CARAQUET – Pour la première fois, les Néo-Brunswickoises constituent la moitié de la population active présente sur le marché du travail de la province. C’est ce qu’on apprend dans le rapport Profil Égalité 2012 – Femmes du Nouveau-Brunswick, publié mardi par le gouvernement provincial.

Près de 75 % d’entre elles occupent un emploi à temps plein et 9 % travaillent à leur propre compte. La santé, le soutien administratif ainsi que les ventes et services comptent parmi les secteurs les plus courus chez les femmes.

Elles sont plus nombreuses à occuper un poste relié à la gestion (39 %), mais leur présence à la haute direction des entreprises est quasiment inexistante.

Il existe cependant une large disparité entre le salaire médian des hommes et des femmes. En 2009, le salaire médian des hommes néo-brunswickois se chiffrait à 35 400 $, comparativement à 23 700 $ pour les femmes.

La gent féminine est de plus en plus éduquée. Elle forme la majorité de la population universitaire au Nouveau-Brunswick, soit 59 % des effectifs et la moitié des gens qui fréquente le Collège communautaire du N.-B.

Sur un autre registre, en 2009, 568 agressions sexuelles ont été rapportées à la police. Les femmes en ont été victimes dans 83 % des cas. Le nombre de condamnations liées aux agressions sexuelles devance largement la moyenne canadienne, soit 56 % au Nouveau-Brunswick contre 26 % dans le reste du Canada.

Bien que le rapport fait ressortir plusieurs signes encourageants, il reste encore du chemin à parcourir, croit Sarah LeBlanc, directrice du Regroupement féministe du N.-B. Selon elle, l’état financier dans lequel se trouvent certaines femmes demeure regrettable. Le taux de pauvreté des mères célibataires étant d’environ 45 %.

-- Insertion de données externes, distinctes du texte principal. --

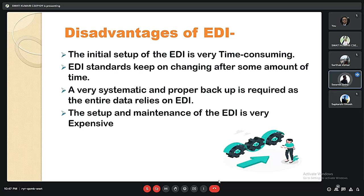There are several disadvantages of EDI. The initial setup is very time consuming, a systematic and proper backup is required, and the setup and maintenance of EDI is very expensive. Additionally, EDI standards keep on changing, which is also an issue for EDI users.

«Il y a beaucoup de facteurs qui contribuent à ça, entre autres le fait qu’on n’ait pas atteint l’équité salariale dans le secteur privé. Il y a encore plusieurs emplois à prédominance féminine qui sont sous-payés par rapport à la valeur de leur travail», affirme Sarah LeBlanc.

Auparavant, cette publication relevait de la responsabilité du Conseil consultatif sur la condition de la femme au Nouveau-Brunswick, aboli en 2011 et remplacé par le ministère responsable de la Condition de la femme. Dans l’ensemble, la directrice se dit heureuse de voir le gouvernement mettre au jour ces renseignements, mais elle croit que certains détails importants ont été laissés de côté.

«Il y a beaucoup d’information contenue dans le rapport, donc on peut féliciter le gouvernement. Mais on remarque qu’il y a certains éléments d’analyse critique qui ont été omis. Par exemple, on trouve des statistiques sur l’avortement au Nouveau-Brunswick, mais on ne retrouve pas d’information au sujet des droits des femmes et de l’avortement, ce qui était le cas avant. Ça indique que le gouvernement a une difficulté à avoir une certaine indépendance par rapport à ce genre d’analyse et ça démontre la nécessité d’avoir une voix indépendante pour les femmes, comme c’était le cas avec le conseil consultatif», dit Sarah LeBlanc.